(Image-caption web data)

▬▬▬▬▬▬▬▬▬▬

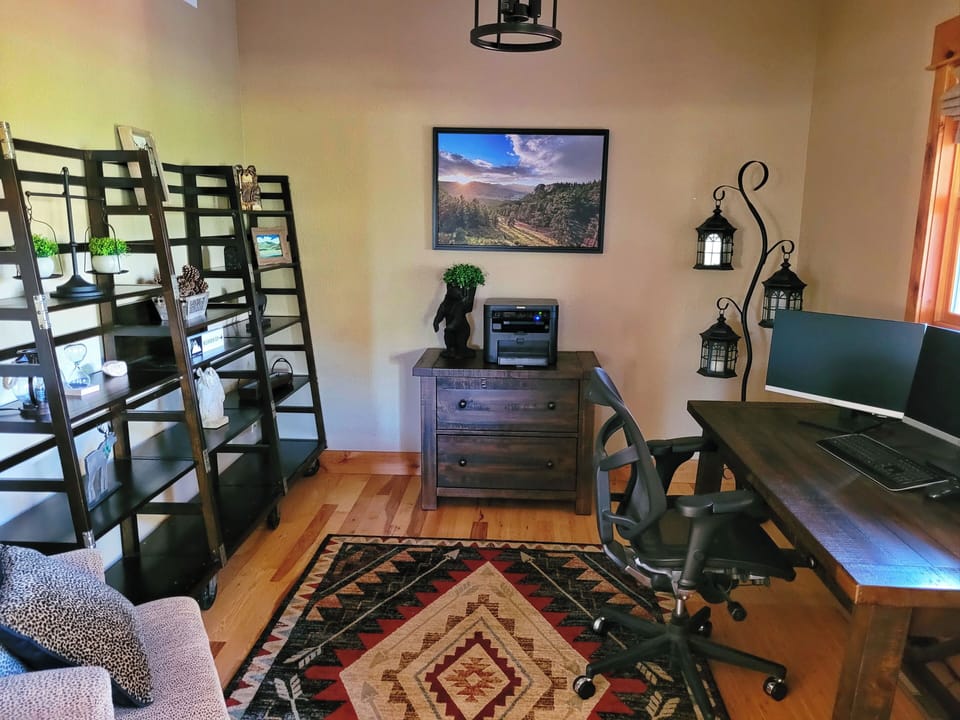 Office with desk, chair, monitor, and printer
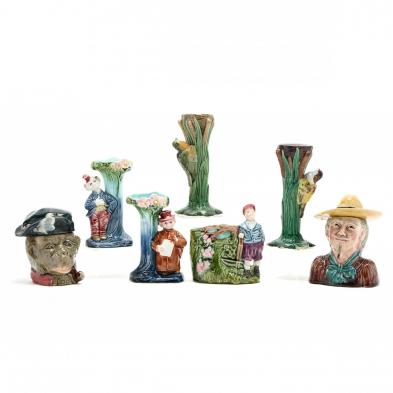 a-variety-of-seven-figural-majolica-vases
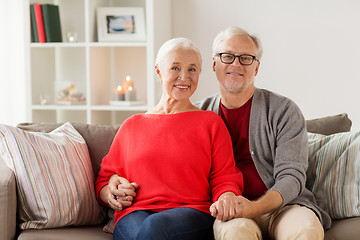 Image showing happy smiling senior couple at christmas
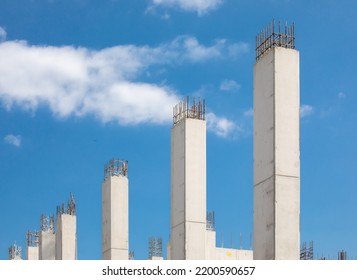 A row of freshly poured concrete pillars in a high rise construction project showing rebar reinforcing steel at the top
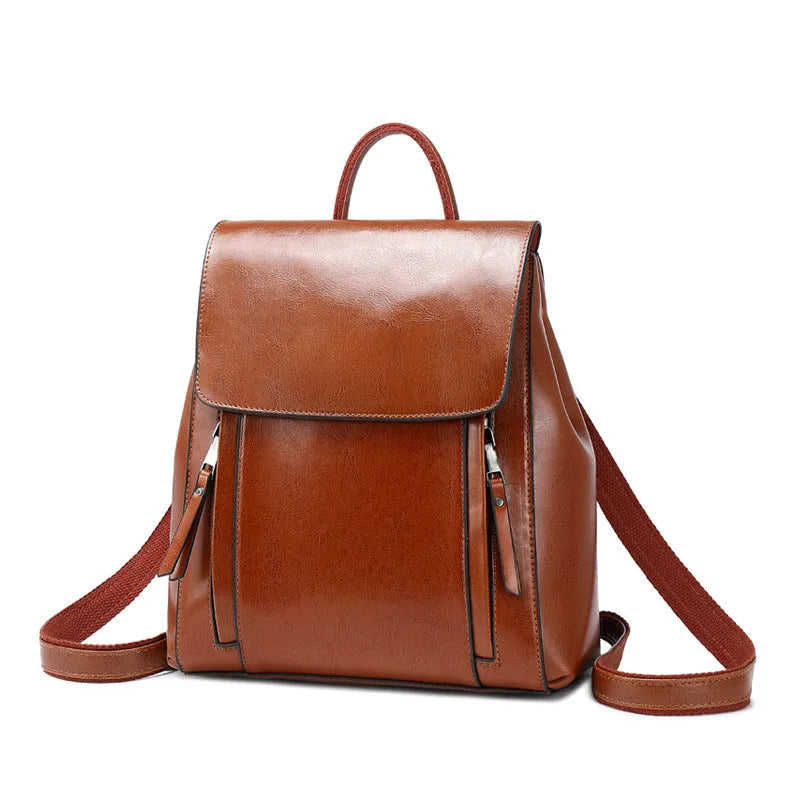 Large genuine leather women's backpack in black with internal organiser pockets and double straps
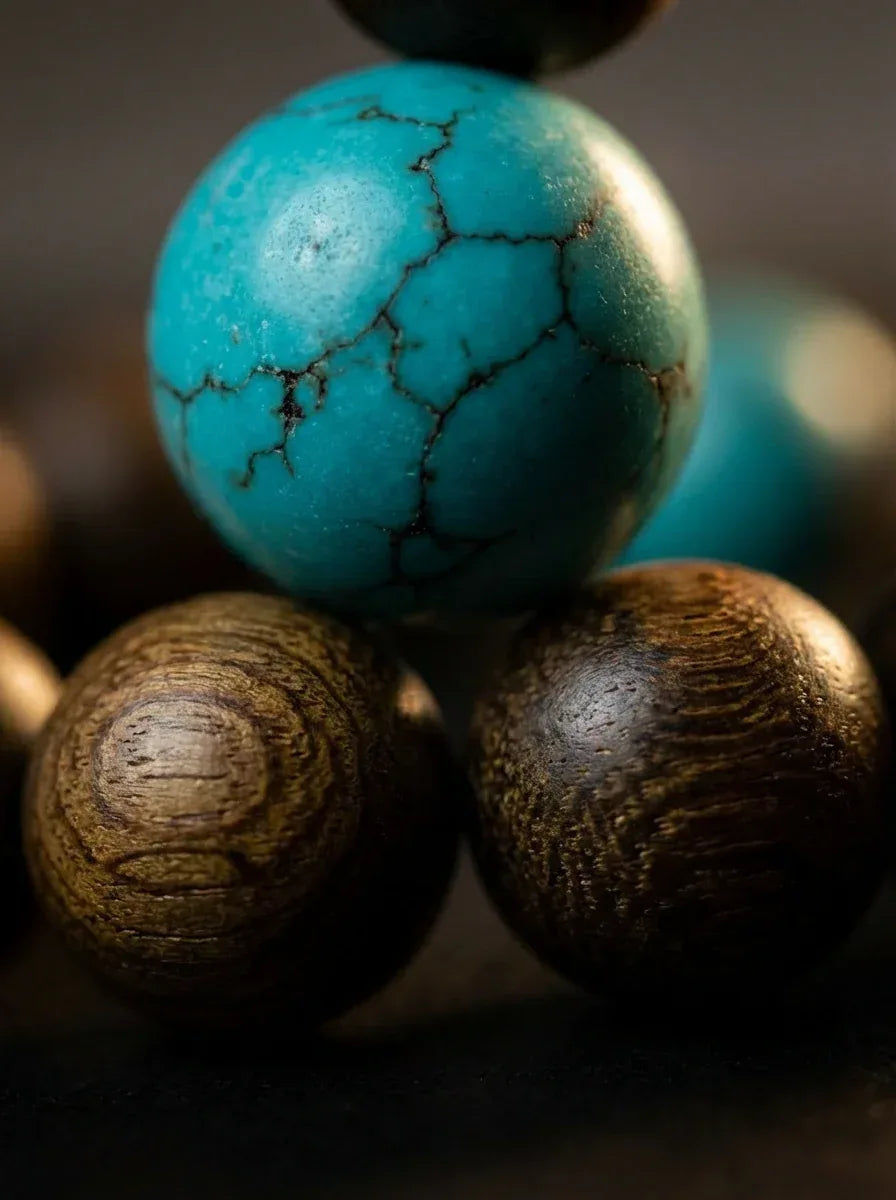 Close-up of Grounded Bracelet, natural green sandalwood and polished turquoise unisex beads. Its timeless design ensures it stays a staple in your jewelry collection for years.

▬▬▬▬▬▬▬▬▬▬

- **Problem to solve**:
The result should be a verbatim copy of the data, free of pictures.

- **Task response**:
 Office with desk, chair, monitor, and printer
 a-variety-of-seven-figural-majolica-vases
 Image showing happy smiling senior couple at christmas
 A row of freshly poured concrete pillars in a high rise construction project showing rebar reinforcing steel at the top
 Large genuine leather women's backpack in black with internal organiser pockets and double straps
 Close-up of Grounded Bracelet, natural green sandalwood and polished turquoise unisex beads. Its timeless design ensures it stays a staple in your jewelry collection for years.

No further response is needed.